We’re always told that the Soviet Union wasn’t really Communism, that it was corrupted by Stalin. Communism is a pure thing, idealistic, with only the best interests of everyone at heart. Well, the murder of the Royal Family seems to have occurred before the “corruption” set in, and I doubt you’d find Communists more pure of heart than the Ural Regional Soviet of the Workers’ and Peasants’ Government.
But we can’t disparage Communism, lest the wonderful idea of the enlightened collective –– gently directed, at first, until the wisdom of the people achieves its own consciousness — cease to be a shining goal. So here’s quartz.com‘s description of the event:
Russia’s last tsar, his wife, and their five children were murdered amid the tumult of the Bolshevik revolution 100 years ago today (July 17).
Amid the tumult.
One of those things that just … happened in the chaos of the times. When you have a lot of tumult, well, stuff happens. Somehow.
It would be inconvenient to note that Communism is born in killing, thrives in killing, exceeds at killing, and depends on killing. But that wasn’t real Communism! Really? In 1919, newborn and pure, not even that was Communism?
By all means, make the argument: tell me that a system of human and economic relations cooked up by some hairy unemployed guy with goat-strength BO scribbling in the public library got it right, and everyone who saw in his words the means to power got it wrong.
Published in General
Thanks! My point was mostly about the “amid the tumult” phrasing, as a way of demonstrating the hesitance some have when they confront what the Communists did.
Having nine decades of murder and even worse oppression. There is a kind of nobility in trying but failing to do the right thing. Not even trying is the worse crime.

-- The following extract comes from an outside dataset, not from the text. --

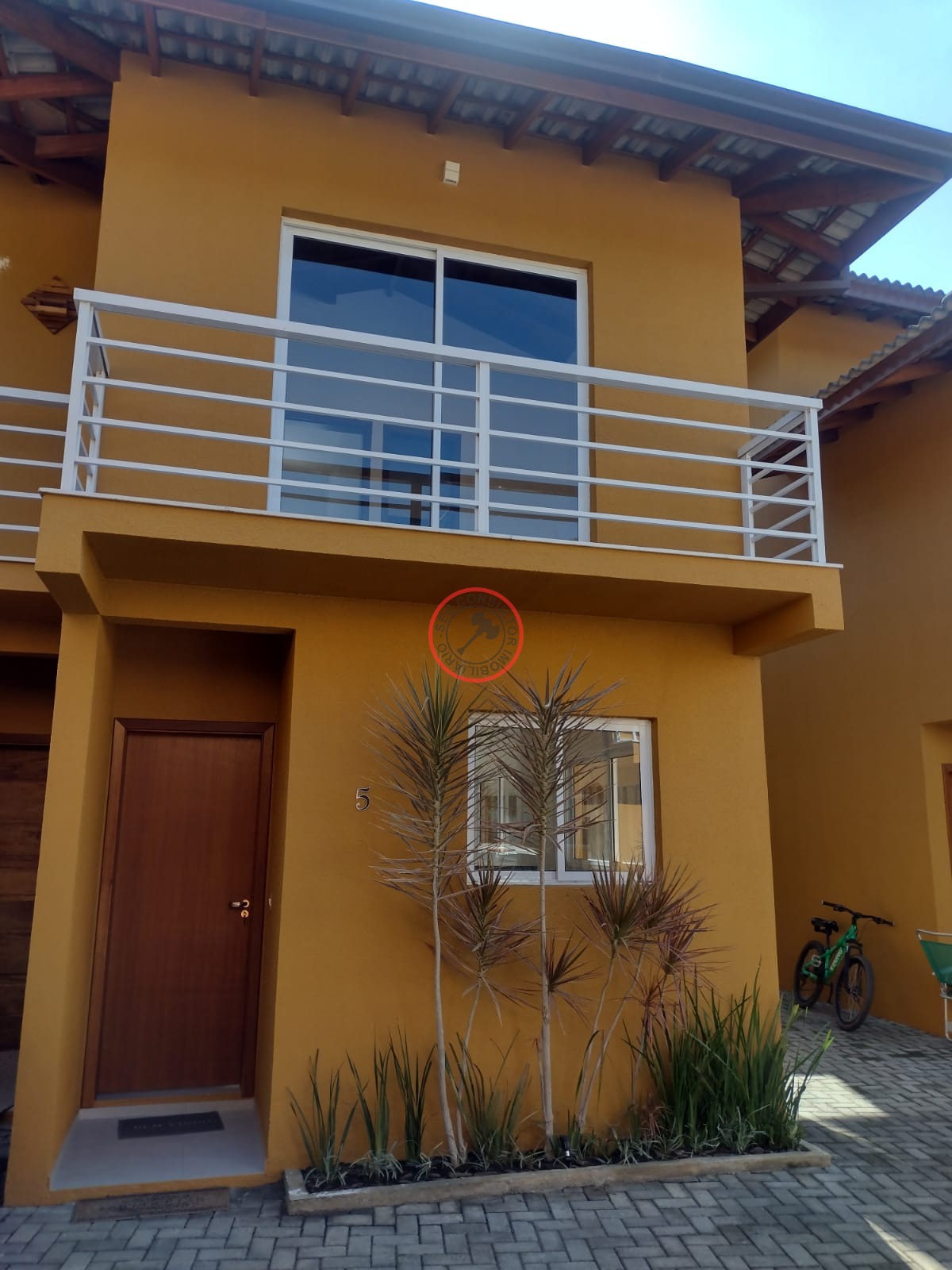 Casa à venda e aluguel com 2 quartos, 80m² - Foto 1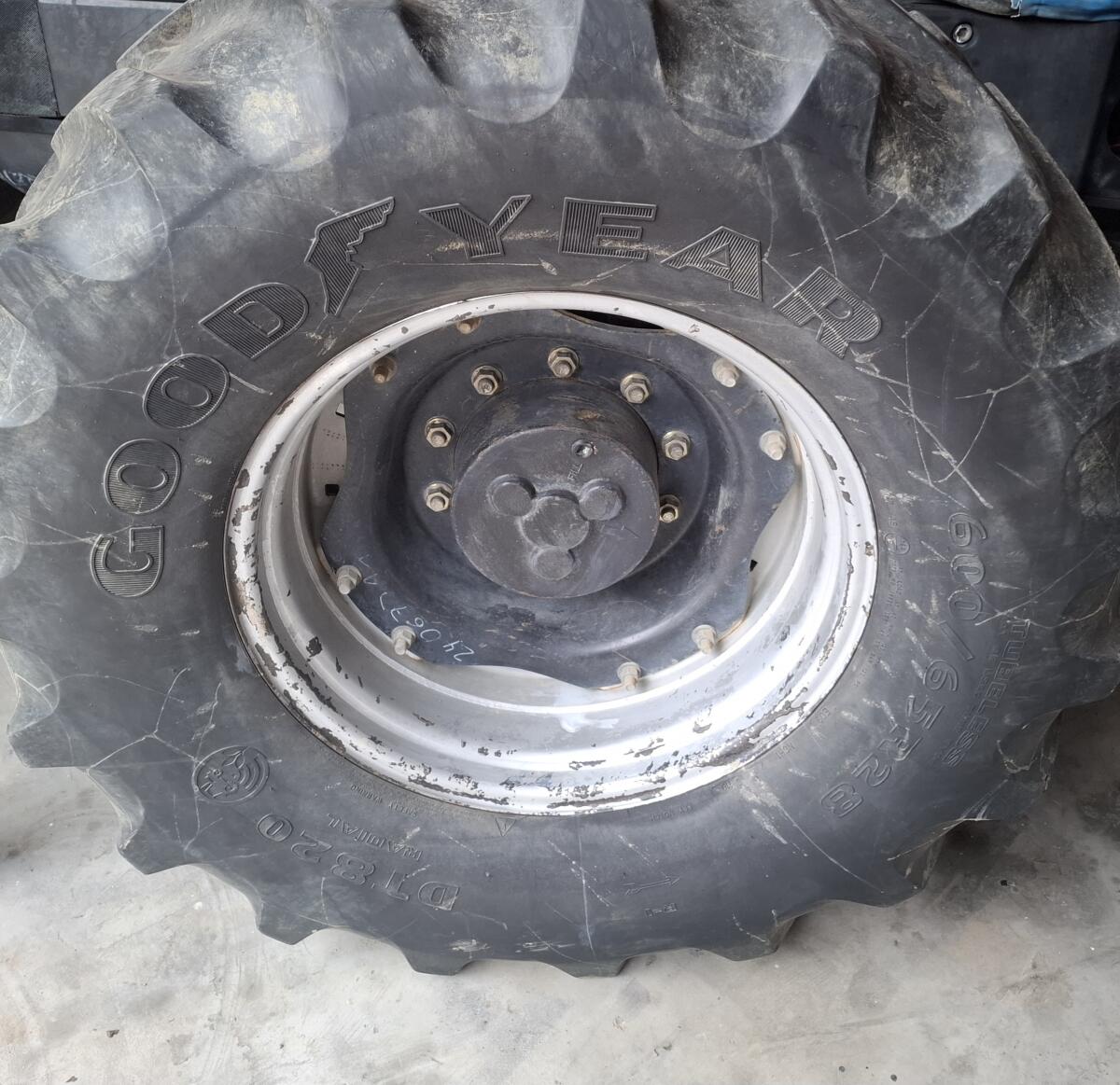 Kompletträder 710/70R38 + 600/65R28 2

While he was in power could his murder have been justified, sure. After he stepped down and brought in a transitional Government, which he did not seek to undermine, there was no justification for his death. It was straight up murder a criminal and evil act.
Crystal clear no.
Communism under Stalin was nationalists the Internationalist character of it was a front designed to aid Russian interests alone. Stalin’s Russia was more complete form of National Socialism at home if what you mean by Socialism is that the government is in full control of the economy. Fascists tended to preserve some capitalism and have vast but still somewhat curtailed social control, but only compared to Stalin’s Russia.
Yea, that was kinda the point.
As they say about the dead lawyers, “Well, it’s a good start.”
Though it is interesting to note that God doesn’t seem to be a collectivist.
Huh. He actually did know where the bodies were buried.
I’m not sure which “he” you mean, but according to Robert K. Massie’s book, The Romanovs: The Final Chapter, it was not a simple matter to find the remains, and when they were found, to verify that they were really the Romanovs.
Not to mention a sickly adolescent boy who would’ve died of hemophilia…
Like any other secret, this one was probably difficult to keep. To kill an entire family and their servants it would probably have to be done at one time. If 10 people were required to eliminate them in one night that would mean, not counting those who gave they order a hundred people would know within a very short period of time of their execution. That 100 people would in turn tell a 100 more, and so on. Even with purges there would be a certain amount of people that knew the order was given, and carried out. Knowing the exact location of the burial might have been more difficult.
If each of the ten that carried out the order told one person, then 20 would know, then 40, then 60, and so on.